Could you give the entries again, exactly as written?

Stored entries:
....

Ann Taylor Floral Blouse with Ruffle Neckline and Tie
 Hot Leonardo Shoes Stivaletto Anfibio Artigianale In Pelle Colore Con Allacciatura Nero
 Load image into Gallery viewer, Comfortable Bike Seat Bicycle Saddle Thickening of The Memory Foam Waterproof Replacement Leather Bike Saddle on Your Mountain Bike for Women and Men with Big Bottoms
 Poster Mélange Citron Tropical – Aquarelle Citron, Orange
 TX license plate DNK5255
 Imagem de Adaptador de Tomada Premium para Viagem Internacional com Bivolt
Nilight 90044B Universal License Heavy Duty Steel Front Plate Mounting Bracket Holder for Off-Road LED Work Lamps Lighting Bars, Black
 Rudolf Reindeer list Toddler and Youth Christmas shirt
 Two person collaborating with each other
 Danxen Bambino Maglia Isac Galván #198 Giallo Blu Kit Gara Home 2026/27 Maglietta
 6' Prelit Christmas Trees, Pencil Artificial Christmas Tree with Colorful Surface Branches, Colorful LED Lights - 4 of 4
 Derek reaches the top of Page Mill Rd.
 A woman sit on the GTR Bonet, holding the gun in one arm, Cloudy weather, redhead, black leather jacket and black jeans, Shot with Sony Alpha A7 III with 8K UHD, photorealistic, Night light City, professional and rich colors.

....

-- ANSWER SECTION --
Ann Taylor Floral Blouse with Ruffle Neckline and Tie
 Hot Leonardo Shoes Stivaletto Anfibio Artigianale In Pelle Colore Con Allacciatura Nero
 Load image into Gallery viewer, Comfortable Bike Seat Bicycle Saddle Thickening of The Memory Foam Waterproof Replacement Leather Bike Saddle on Your Mountain Bike for Women and Men with Big Bottoms
 Poster Mélange Citron Tropical – Aquarelle Citron, Orange
 TX license plate DNK5255
 Imagem de Adaptador de Tomada Premium para Viagem Internacional com Bivolt
Nilight 90044B Universal License Heavy Duty Steel Front Plate Mounting Bracket Holder for Off-Road LED Work Lamps Lighting Bars, Black
 Rudolf Reindeer list Toddler and Youth Christmas shirt
 Two person collaborating with each other
 Danxen Bambino Maglia Isac Galván #198 Giallo Blu Kit Gara Home 2026/27 Maglietta
 6' Prelit Christmas Trees, Pencil Artificial Christmas Tree with Colorful Surface Branches, Colorful LED Lights - 4 of 4
 Derek reaches the top of Page Mill Rd.
 A woman sit on the GTR Bonet, holding the gun in one arm, Cloudy weather, redhead, black leather jacket and black jeans, Shot with Sony Alpha A7 III with 8K UHD, photorealistic, Night light City, professional and rich colors.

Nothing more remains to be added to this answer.